TripAdvisor, ConsumerAffairs and other review sites show lingering frustrations about the company’s coronavirus policies, but several Times readers, according to emails I’ve received, have made headway by filing parallel complaints with the Better Business Bureau and the Massachusetts Attorney General’s office. That agency said that it has received about 275 consumer complaints so far about canceled O.A.T. trips and has been pressuring the company to comply with the state’s travel-seller laws.

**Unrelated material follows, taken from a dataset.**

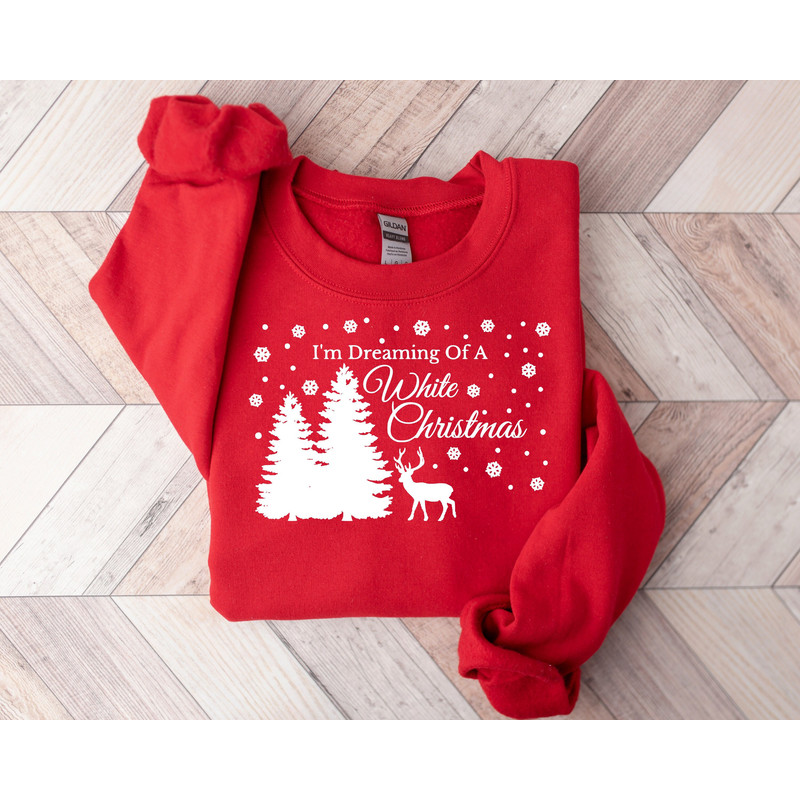 Dreaming of a white Christmas Shirt, Dreaming of a White Christmas t-shirt, Merry Christmas Shirt, Christmas Shirt, A White Christmas Shirt.jpg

Other travelers looking for refunds may have a better chance if they’re dealing with companies headquartered within Hawaii, Washington state, Illinois or California. In Hawaii, consumers have the right to a cash refund (minus previously disclosed cancellation fees) within two weeks of requesting one. Washington requires travel companies to issue cash refunds within 14 days (or 30 days when the funds are already paid to a vendor, as might be the case for a tour operator) when they cancel a service. In Illinois, the Travel Promotion Consumer Protection Act was created in the 1980s to safeguard against travel scams that promise too-good-to-be-true deals. California, with some of the strongest consumer protections in the country, requires cash refunds for undelivered services within 30 days from whichever date is earliest: the scheduled departure date, the date the refund is requested or the date the service was canceled by the travel company. (Mr. Anolik has a detailed breakdown of other state-by-state travel laws on his firm’s website.)
Back to O. A. T.: In a follow-up note a few weeks ago, you said that you feel the company provides a “good travel service.” But, you wrote, “pushing all the risk of uncertainty onto the client by refusing a refund makes me fearful to ever do business with O.A.T. again.”
You raise an important point. Even though people can’t travel right now, many of us are continuing to dream about our next trip — and that means making conscious and subconscious decisions about which companies to spend money with once the pandemic has passed.